El político tiene la obligación de ordenar la realidad en la que vivimos y ponerla en marcha acorde con los mandatos que han depositados sobre ellos los ciudadanos. Su trabajo es desde luego, normativo y casi siempre, debido a esa praxis se aleja mucho de la filosofía, que es a la que atañe un término tan profundo y tan denso como la palabra conciencia.

Casi ningún político es filosofo, demasiada inmediatez en sus acciones, en muchos casos apresuradas por el estrés de la permanencia en el puesto, o por la recuperación de los sitios perdidos, como para tener el tiempo suficiente que requiere la filosofía. Para un político el peso de la conciencia, o de eso que llaman la ‘voz de la conciencia’, para centrar más la situación, es muy liviano, hay muchos hechos en la historia de la humanidad que lo demuestran, y desde luego siempre es comparativo con otras servidumbres, en la que esa propia conciencia termina por diluirse, convirtiéndose en solo una palabra, que ‘decora’ espléndidamente bien cualquier acción política controvertida que vaya a tomarse.

Lo cierto es que para un político, en la mayor parte de los casos, no es necesario que su conciencia apruebe una determinada acción, cosa que desde luego no ocurre en el caso de un filósofo, porque es condición ‘sine qua non’ haber antes dedicado un tiempo a cultivar eso que llamamos conciencia. Una conciencia supeditada a otros intereses pierde totalmente la esencia del significado del término, y desde luego hay que pasar por un proceso, en muchos casos doloroso y profundo, donde el sujeto tiene que cultivar sus sentimientos, tiene que llegar a un gran desarrollo de la fortaleza moral y sufrir una catarsis personal, que tal y como concebimos a un político, está muy lejos de definirlo, y que probablemente, muy pocos políticos españoles y también de otros países hayan pasado por ella.

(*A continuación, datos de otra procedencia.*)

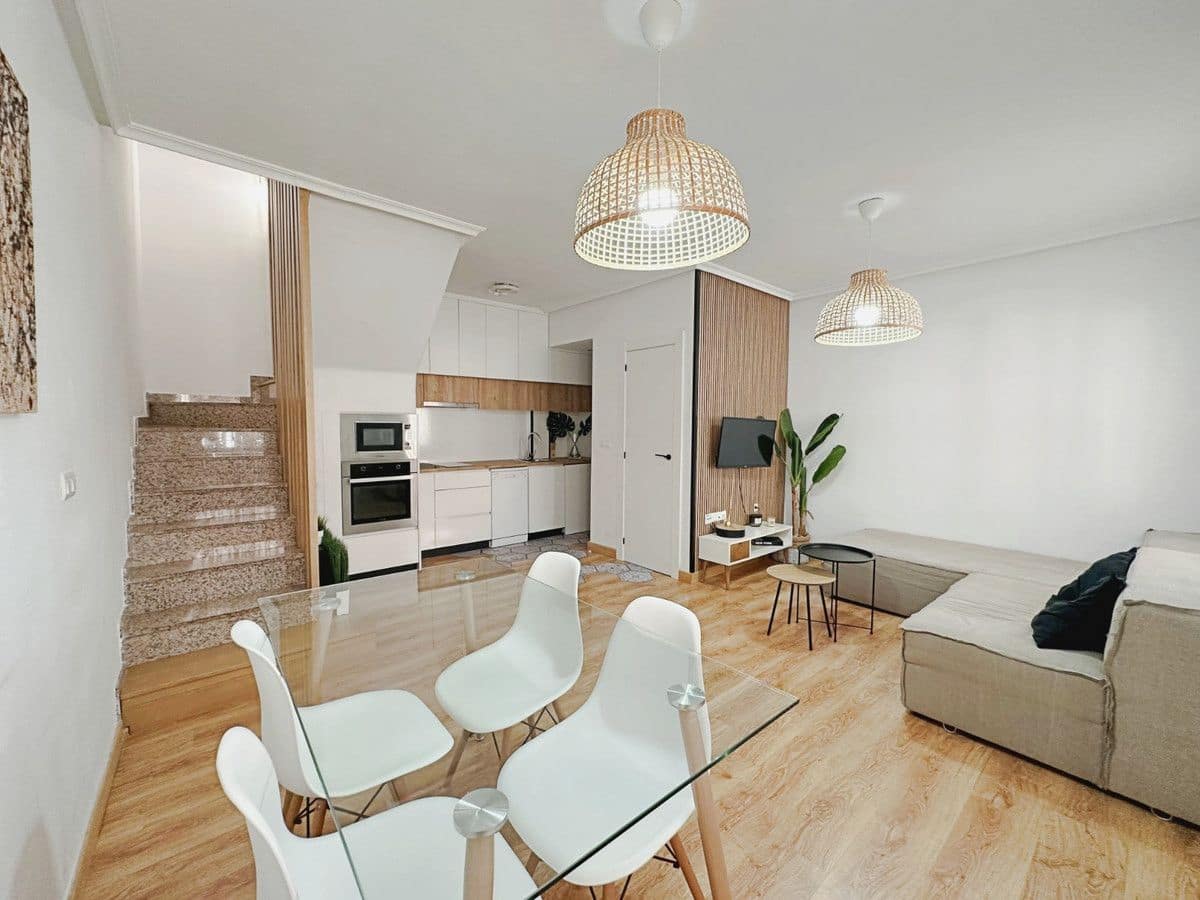 3 Zimmer Haus zu verkaufen in La Zenia mit Pool - 283.000 € (Ref: 10017995)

Hay una tendencia generalizada a confundir conciencia con preguntas sin respuesta y tribulaciones. Eso es un error. Para que la voz de la conciencia pueda hablarnos y que nosotros la entendamos, y sepamos exactamente qué es lo que debemos hacer en función de ese eco interno que escuchamos, hay que recorrer un camino, que estoy segura que muy pocos diputados, tanto del PSOE, como del PP y otros partidos que conforman el Congreso hayan recorrido. Así que eso que decía con tanto interés la Señora Valenciano sobre la votación secreta y en conciencia que ayer se produjo en el Congreso de los Diputados es, como en la mayoría de los casos, pura retorica vacua o política de gestos.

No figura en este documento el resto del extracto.